A word of clarification is in order here. The bugs only got bad at night and that’s when I put on my suit, and yes, I suppose it looked odd, but it was absolutely necessary for my survival. It’s true that the managers “had never seen anything quite like it,” but whatever humiliation I suffered was well worth it.
The managers at the lodge showed me a picture album from a golden age when the cabins were booked months in advance. I stared at the yellowing black and white photographs of a bygone era, when an old concrete pier jutted into the lake. Faded color photographs and exquisite postcards spoke of a time when everything was brand new, when the fishing was so plentiful that it seemed as though nothing could keep the resort from flourishing.

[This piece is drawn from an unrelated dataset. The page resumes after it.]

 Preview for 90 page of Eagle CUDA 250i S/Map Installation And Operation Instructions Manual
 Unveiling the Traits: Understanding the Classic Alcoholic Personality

The managers left a diary in our cabin which contained the writing of those who had stayed in the cabin. As we began to pack up our stuff and prepare for departure, I looked at what Ashley had written:
“Cabin 7 was the best cabin that I ever stayed in. Last cabin we were in had six people, 2 rooms . . . it was cramped. I love fishing with Chuck Emery. He was the best. On the last day we were out all day and I and an 8 year old girl caught four walleye, one northern pike and two perch. That is 7 in total. I love the pontoon boat, almost hooked myself with one of my dad’s lures. I love leeches especially. I like the trampoline. I hope you like cabin 7 because I did.”
By the time we were ready to leave Big Rock Resort, I marveled at how we had bonded into a family unit.
So, what is it to become part of a family unit? There’s certainly the division of labor. Watching the kids. Cooking the food. Cleaning the plates. Putting out the garbage. Hanging up the wet towels.
But there’s more.
Soon the towels get all mixed up and before you know it, you’re using somebody else’s towel. That’s awkward at first, and soon it’s no big deal.
Singing songs out loud, sharing drinks from the same straw: Awkward at first, then no big deal.
Realizing that I’m not as smart as I thought, learning how to be useful and considerate . . . Coming to terms with the fact I can be every bit as annoying, in my own way, as a boy who says “I like turtles” constantly or a girl who can scream louder than a jackhammer: Awkward at first, then no big deal.
Being invited to join my best friend and his little ones for a week in paradise: Awkward at first, then one of the most relaxing and enjoyable vacations I’ve ever had.